Overseas aid will be crucial in helping to fund the SDGs. Over the next five years the global cost of implementing the goals has been estimated to run to trillions of dollars, of which the UK has committed to £50bn on current projections.
I have seen aid do immense good. But we need to look behind the figures and the aspirations and ask how aid is planned and delivered.
For the past four years, until July this year, I was a commissioner with the Independent Commission for Aid Impact (Icai), the UK aid watchdog. Icai has published 46 reports on the effectiveness and impact of UK aid, making recommendations on which the Department for International Development (DfID) was required to respond. There are five key lessons I learned.
Focus on the beneficiary
It sounds obvious, but too often sight is lost of the poor and vulnerable waiting at the bottom of the pile for a trickle-down effect from grand schemes. One major DfID programme aimed to build a 4,000km north-south roadin southern Africa. The risks of huge roads to the poorest are well known: it is harder to get their own goods to market, corruption is rife at borders, and young women are exposed to HIV and trafficking. But no steps had been taken to mitigate the risks of this new road.
By contrast, DfID supports the Ethiopian government with its food security programme in areas where severe droughts threaten famine. Vulnerable people are provided with either food or cash in return for work building schools, irrigation ditches and roads. I interviewed women who told me: “Before, this was a dry land. Now no one is migrating and no one dies in childbirth … We are illiterate, but we are educating our children. I know my girls will not tolerate violence … I’m a self-help woman so I’m not afraid even if the programme stops.”
This programme has been successful because care was taken to identify people’s real needs and engage them in the process throughout. These women had helped to decide what projects should be undertaken, who was in greatest need and who should benefit. The end result was not just better-fed people but a multiplier effect of other, long-lasting and genuine benefits.
Programmes need to be long term to have an enduring impact. This cuts across the political pressure for short-term results and “announceables”, such as “we have reached 4 million children”. Too often, this pressure emphasises quantity and geographic spread rather than depth and quality.
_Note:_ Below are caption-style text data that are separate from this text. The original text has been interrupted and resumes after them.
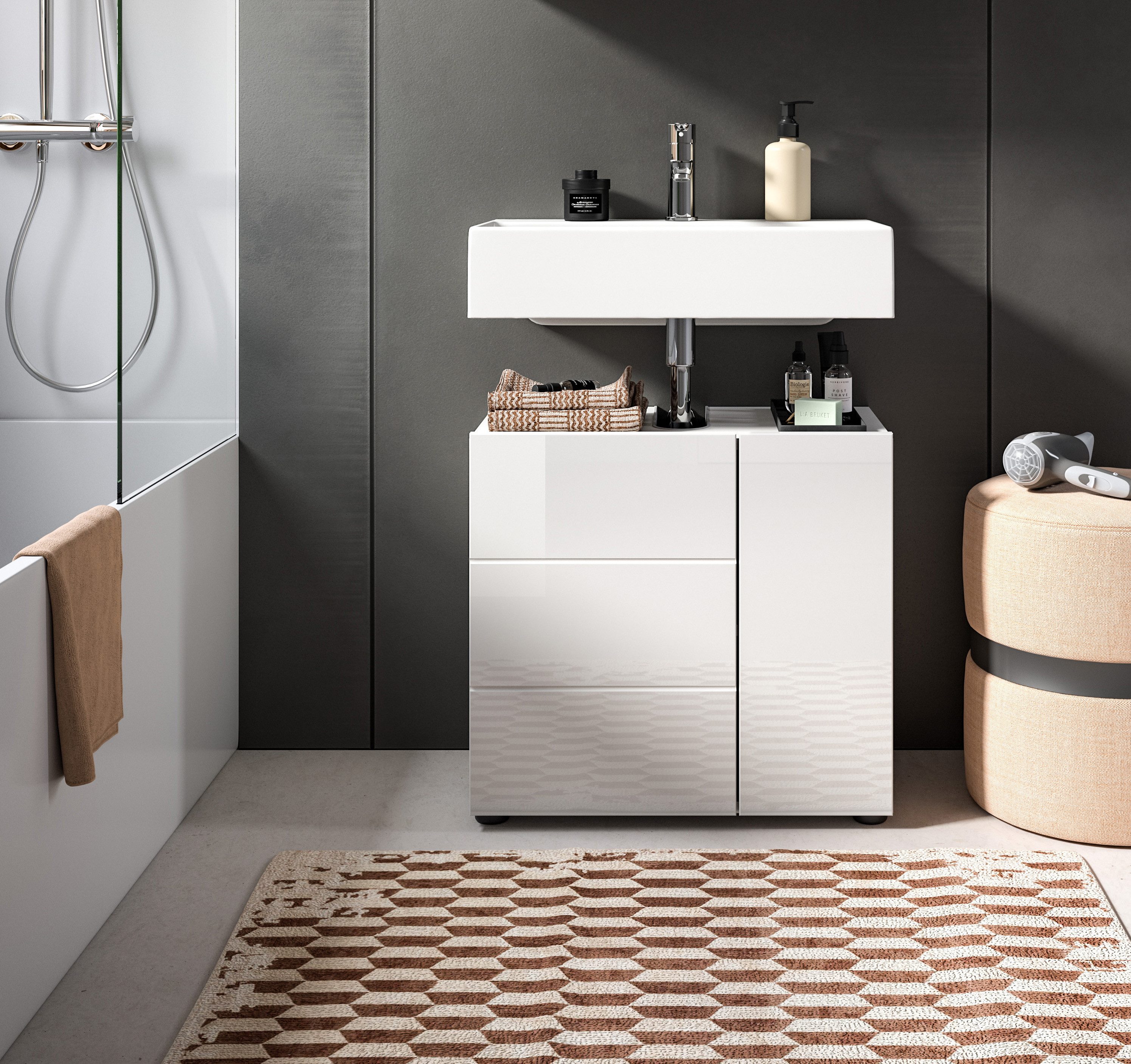 welltime Wastafelonderkast BIEL, TOPSELLER!, Breedte 60 cm, 1 deur, 2 vakken, met sifonaansluiting (1 stuk)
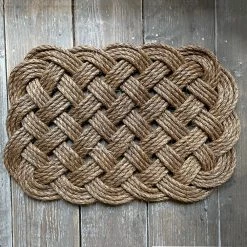 Mystic Knotwork Dining & Tabletop Square Woven Nautical Rope Entry Rug Doormat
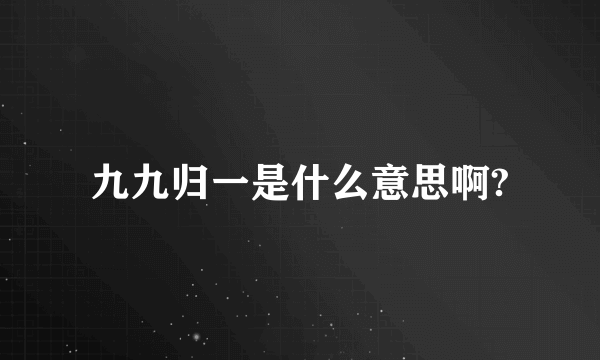 九九归一是什么意思啊?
In Madhya Pradesh, where I was reviewing children’s nutrition, it emerged that DfID’s central systems counted children in the Indian state as having been “reached” if the mother went to the health centre for one procedure, such as receiving vitamin A, even if she never went back and her child was critically ill.
Set realistic targets that are tailored to tackle the specific problem. If DfID sets the goal too high, such as trying to transform the economic environment or reforming the police, it might never get there. That’s not to say it is wrong to be ambitious, but three-quarters of DfID’s priority countries are fragile and conflict-affected, where corruption and instability are rife. In those countries, such as Somalia, South Sudan or Afghanistan, the most that can be achieved may be crisis relief and building up basic public services such as health.
There tends to be too much compartmentalisation, when what is needed is real engagement across different sectors and donors. One of the UN goals is the elimination of violence against women and girls. I couldn’t agree more, but you can’t end gender-based violence by concentrating on one institution, such as the police. Of course, the police are part of both the problem and the solution. But a coherent strategy is required to tackle the many causes of gender-based violence, including exclusion from health, education, power dynamics and jobs.
Adopt a tough approach to evidence
In Malawi, I visited victim support units that aimed to help the overwhelming number of women and girls who had experienced violence. Hardly any women used them. In Bangladesh, a UN survey found that UK-supported model police stations resulted in higher rather than lower levels of violence and mistrust of the police. And in southern Africa, it emerged that only 21% of targets had been reached, rather than the reported 85%. Why hadn’t questions been asked to unearth the truth much earlier? This kind of evidence needs to be scrutinised and action taken before it’s too late.
As many as 1 billion people are now living in extreme poverty. People’s lives are at stake, so we owe it to them to get it right.